Quello che non era accaduto (o comunque non in maniera massiccia) nelle elezioni presidenziali americane del novembre scorso, è stato autorizzato in Europa per questo appuntamento elettorale olandese.

In una ricerca condotta da Floor Terra (Gruppo Privacy Company), pare che Google e Facebook abbiano tracciato costantemente gli utenti che hanno fatto visita ai siti web dei partiti politici, rispettivamente 13 e 8 di questi.

Democrazia, cookie e libertà di scelta

Il tutto senza che gli utenti in questione siano mai stati informati di quanto gli stava accadendo, quindi senza consenso esplicito, sfruttando semplicemente i cookie.

Determinate tipologie di cookie, infatti, consentono ai gestori di siti web che ne fanno uso, di analizzare dati personali e dati di traffico relativi all’utente, sulla base dei quali poi ricondurlo all’interno di una più o meno ampia categoria di appartenenza, quindi di proporre allo stesso inserzioni pubblicitarie – nel senso ampio del termine – il cui contenuto è realizzato ad hoc per quella categoria.

Un operato dei social media che viola gli standard di privacy dell’Unione europea e che pone seri interrogativi sul tipo di utilizzo che le piattaforme faranno di tali dati.

Secondo molti analisti, sono dati che sicuramente sono stati sfruttati per indirizzare meglio gli annunci politici e influenzare così la scelta di voto di molti cittadini.

Microtargeting e partiti politici

Come già accaduto in passato, anche in Italia, l’estrema destra olandese ha sembra abbia sfruttato molto bene il servizio di microtargeting di Facebook, come l’FvD ad esempio, che in questo modo ha raggiunto utenti nascosti grazie a tecnologie di profilazione molto avanzate per specifiche categorie di cittadini (divorziati, disoccupati, con bambini piccoli, abitanti di case popolari o di quartieri periferici con criticità varie, tutti potenziali elettori, utenti da poter convincere con messaggi mirati).
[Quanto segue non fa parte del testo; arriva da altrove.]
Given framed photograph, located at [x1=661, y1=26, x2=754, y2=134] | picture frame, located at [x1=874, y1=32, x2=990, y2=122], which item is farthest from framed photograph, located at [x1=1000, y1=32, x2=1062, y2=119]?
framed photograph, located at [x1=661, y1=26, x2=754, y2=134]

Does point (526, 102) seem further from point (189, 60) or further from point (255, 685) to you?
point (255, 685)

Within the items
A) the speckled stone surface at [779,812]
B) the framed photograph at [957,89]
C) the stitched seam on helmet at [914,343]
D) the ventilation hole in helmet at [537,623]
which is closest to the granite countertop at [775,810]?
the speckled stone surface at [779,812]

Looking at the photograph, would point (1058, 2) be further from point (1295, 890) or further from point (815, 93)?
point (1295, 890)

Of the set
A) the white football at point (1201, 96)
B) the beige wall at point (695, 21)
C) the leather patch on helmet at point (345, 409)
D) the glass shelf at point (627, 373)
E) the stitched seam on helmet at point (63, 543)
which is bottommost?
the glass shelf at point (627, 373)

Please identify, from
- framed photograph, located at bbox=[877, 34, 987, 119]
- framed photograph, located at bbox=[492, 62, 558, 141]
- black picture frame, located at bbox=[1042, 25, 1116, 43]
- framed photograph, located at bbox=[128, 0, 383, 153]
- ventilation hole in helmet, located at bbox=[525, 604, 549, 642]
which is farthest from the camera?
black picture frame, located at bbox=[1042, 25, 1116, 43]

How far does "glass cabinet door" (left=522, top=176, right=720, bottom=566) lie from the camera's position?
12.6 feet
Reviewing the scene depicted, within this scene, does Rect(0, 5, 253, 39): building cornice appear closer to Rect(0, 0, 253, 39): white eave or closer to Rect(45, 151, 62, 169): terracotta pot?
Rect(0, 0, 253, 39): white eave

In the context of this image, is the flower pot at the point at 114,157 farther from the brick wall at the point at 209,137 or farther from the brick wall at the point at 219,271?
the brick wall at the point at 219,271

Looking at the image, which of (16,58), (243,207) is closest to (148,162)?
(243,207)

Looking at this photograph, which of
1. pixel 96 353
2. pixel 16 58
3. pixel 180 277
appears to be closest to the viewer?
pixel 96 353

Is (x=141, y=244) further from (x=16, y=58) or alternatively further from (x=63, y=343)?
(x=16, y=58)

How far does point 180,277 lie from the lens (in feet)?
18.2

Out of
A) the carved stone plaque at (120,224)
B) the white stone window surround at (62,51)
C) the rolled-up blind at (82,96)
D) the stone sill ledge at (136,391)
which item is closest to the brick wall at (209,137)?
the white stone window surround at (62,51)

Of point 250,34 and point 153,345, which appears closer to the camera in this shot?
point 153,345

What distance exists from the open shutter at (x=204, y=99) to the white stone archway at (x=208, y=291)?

Alle scorse presidenziali americane, Twitter ha vietato completamente l’advertising politico fin dal 2019, mentre Google e Facebook hanno fatto la stessa cosa a ridosso dell’evento di novembre, ma con divieti temporaneo o limitazioni più o meno estese.

Google, ad esempio, invece di vietare in maniera univoca tale pratica, ha spiegato che a seconda dei contesti culturali e sociali provvederà a valutare limiti e divieti all’advertising di partiti e candidati politici.
Dello stesso avviso è stata Facebook.

I nostri dati, che fine fanno?

Posizioni che se da un lato prendono più o meno seriamente il problema degli annunci, dall’altro evitano volontariamente di affrontare la criticità relativa alla raccolta di dati personali e alla loro tutela.
Che fine fanno i dati raccolti? Come sono usati? Da chi? Per quali finalità?

Negli Stati Uniti si è aperto un confronto duro tra il Congresso e le piattaforme sociali (forse ridimensionato dopo l’elezione di Joe Biden), più in generale i giganti tecnologici, tra cui, oltre quelli sopra citati, ci sono anche Amazon, Microsoft, Apple e altri ancora, coinvolgendo le istituzioni democratiche e la società civile che è anche digitale ormai.

I dati sono l’obiettivo primario di qualsiasi impresa di internet, al giorno d’oggi. È qui che si impasta la materia prima da cui trarre profitti sempre più grandi. È qui che si annidano le principali minacce alla nostra democrazia.